Star Wars: Scoundrels Star Wars: Scoundrels by Timothy Zahn
My rating: 4 of 5 stars

As far as Star Wars EU goes, this is one of the gems - but that is to be expected from Timothy Zahn, whose Heir to the Empire trilogy is often cited as the best Star Wars EU material ever written. I don't think I would go that far with this book, but it's certainly a fun ride.

The story is a grand heist a la Ocean's 11, with Han and Chewie assembling a team of rogues and scoundrels (hence the title) to steal credits - and later, other sensitive materials - out of an extremely well-protected vault. Because this is Star Wars and these are criminals, Black Sun and the Falleen are involved, and there are other cameos from Winter and Lando. It's a well-structured heist and it did a good job of unfolding the plan to us without ever saying it outright until the plan was happening, but I also feel like there was a lot of deliberate obfuscation in order to do that, and a lot of characters only existed so that this plan could happen successfully. I'm not even talking about the team - the character of Deja, the Imperial spy, only exists so that his connections can make sure that certain characters escape capture.

One of the biggest things that is often lacking in Star Wars is the worldbuilding. People tend to rely on the Force and the Skywalkers and the sheer immensity of the universe and don't bother to add much further. I thought Zahn's idea of elemental festivals was really cool (although, again, they seemed to exist mostly to make Han's plan feasible) and his descriptions were beautiful.

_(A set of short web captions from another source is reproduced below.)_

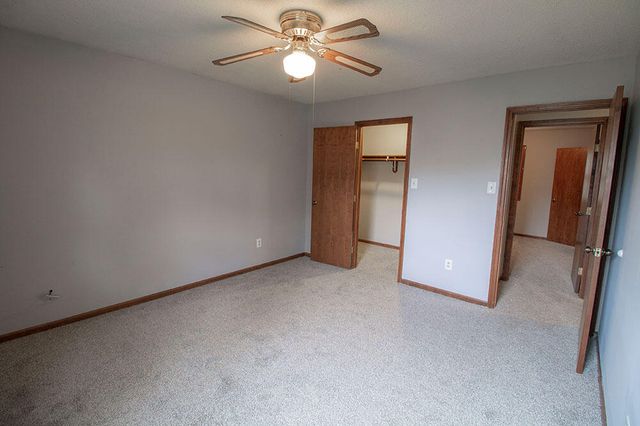 2011 BRIDGEWATER DR, Columbia, MO 65202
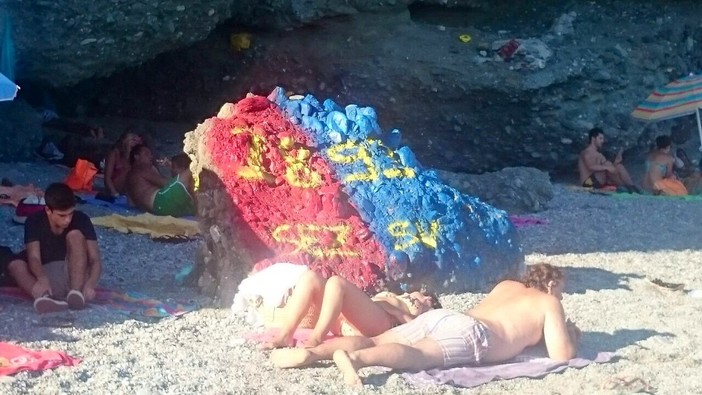 Samp-Genoa, è lotta per l’Ultima Spiaggia di Albisola: tifosi dipingono una roccia di rosso-blu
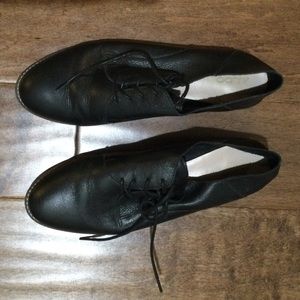 Women’s Aldo Leather Shoe - size 9 black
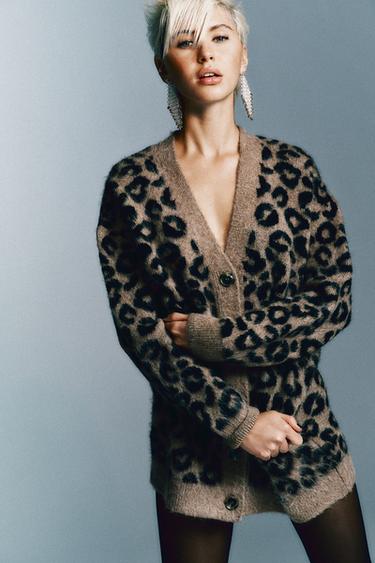 OVERSIZED ANIMAL JACQUARD KNIT CARDIGAN - Leopard by Zara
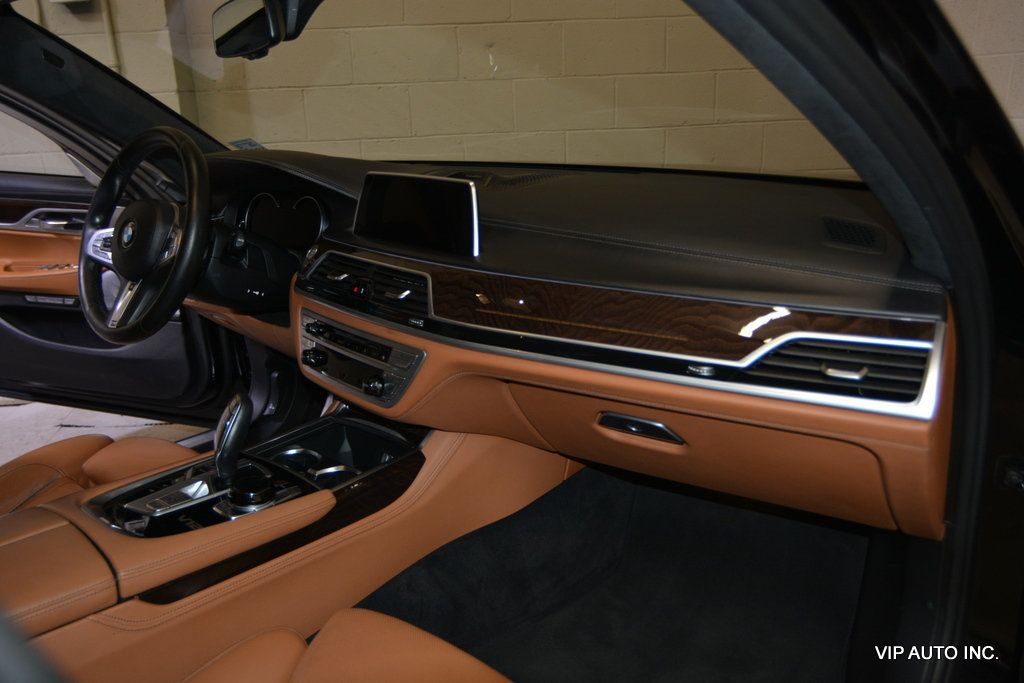 2017 BMW 7 Series M760i xDrive - 22940991 - 11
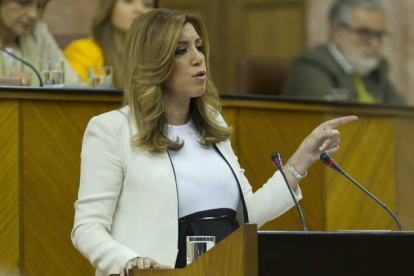 La candidata socialista para presidir la Junta de Andalucía, Susana Díaz, este martes, en el Parlamento autonómico.-Foto: EFE / JULIO MUÑOZ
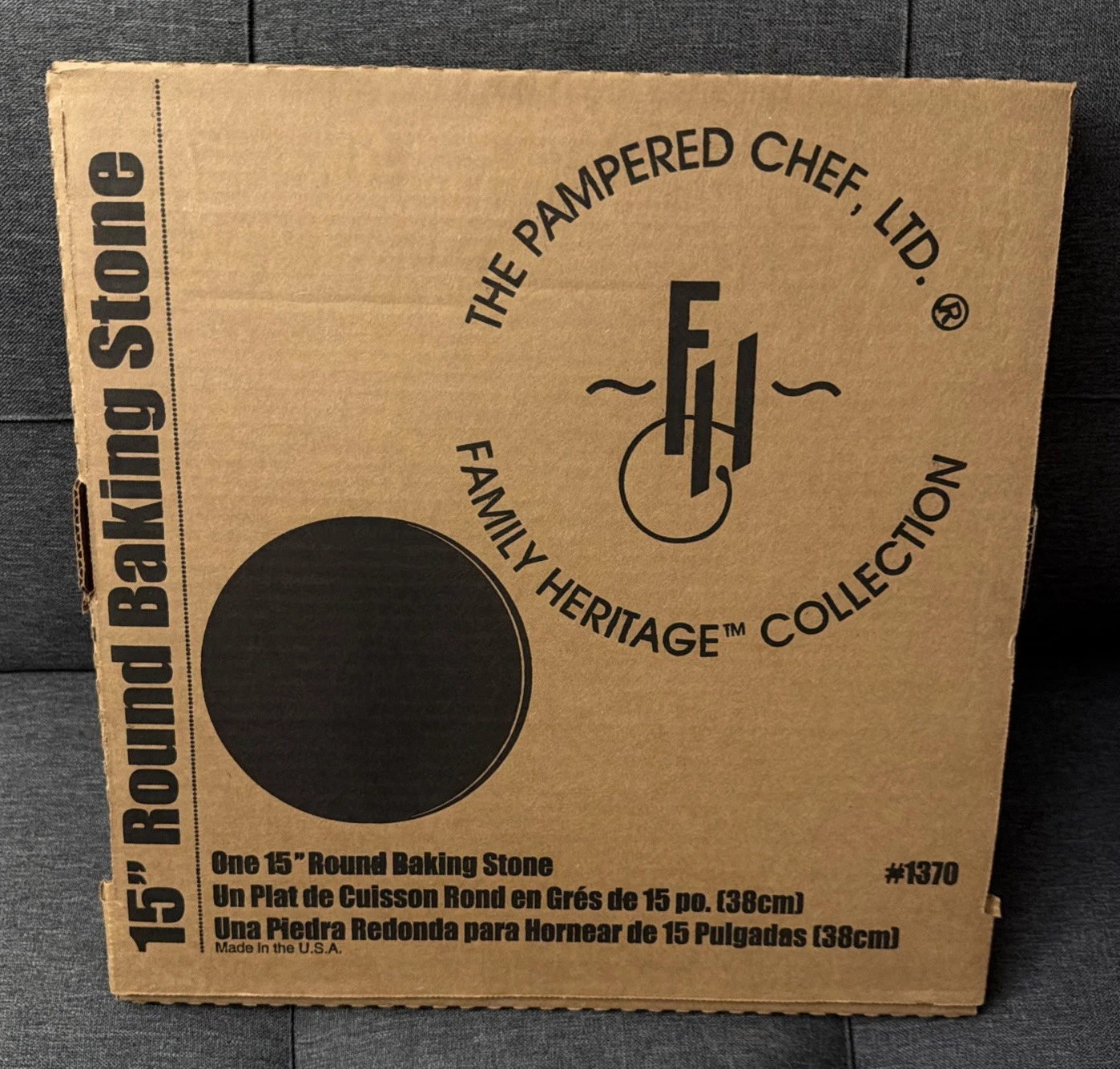 The Pampered Chef Large 15” Round Baking Stone #1370 Family Heritage Pizza NEW
Opens in a new window
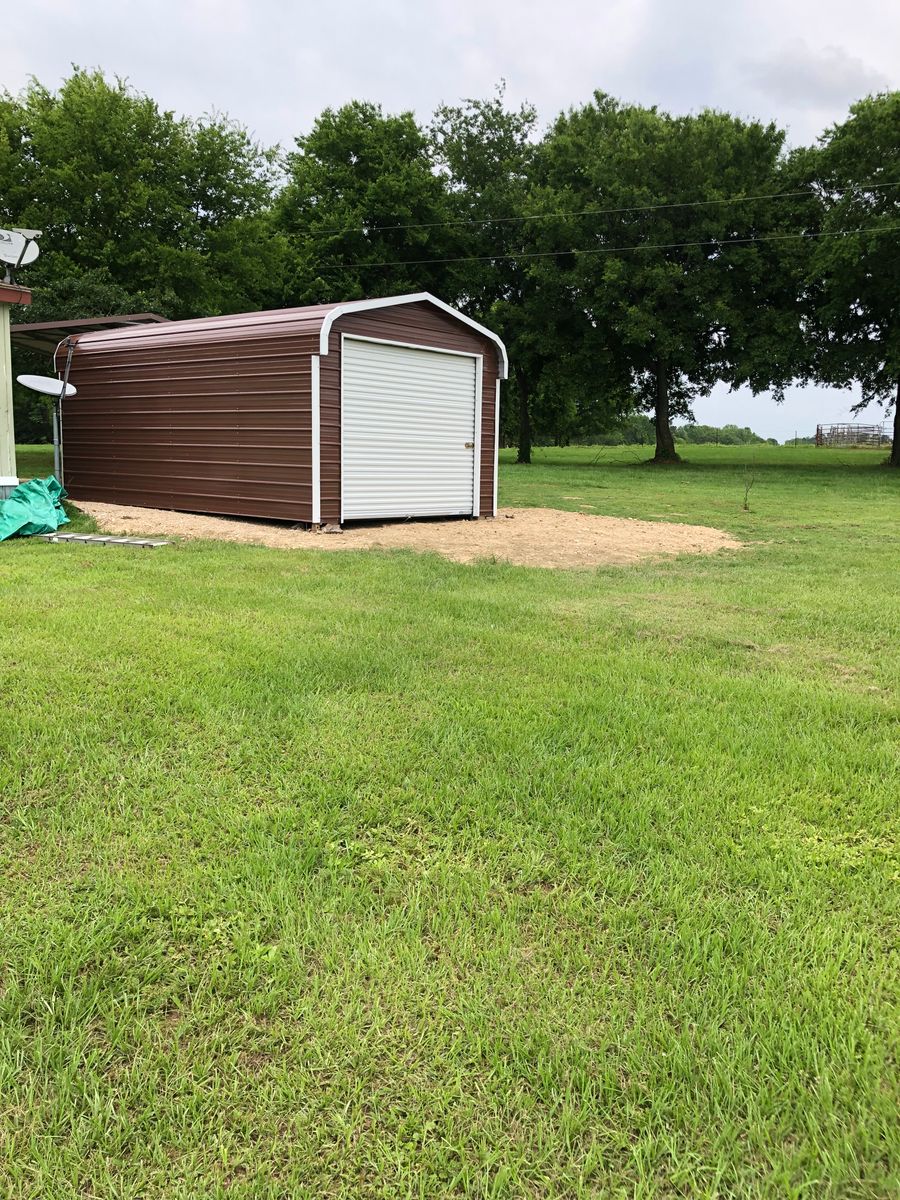 Custom Metal Building Construction for PineyWoods Buildings LLC in Nacogdoches, TX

I cared absolutely zero about any of the characters, though. Winter was an interesting touch, but as much as her sadness about Alderaan and what she believes happened to Leia is played up, it never really connected. I liked Bink and Tavia and Rochelle as ideas but wasn't invested, though I'd be interested in seeing them fleshed out the future (though that's not gonna happpen now). Zerba, Kel, and Dozer were all bland at best and annoying at worst. Even Han, Chewie, and Lando were not particularly compelling, so all this book really had going for it was the heist story - which was serviceable, but not my thing. None of the characters go through any changes, and (spoiler alert) they don't even get the financial payoff they expected even though the heist goes exactly according to plan.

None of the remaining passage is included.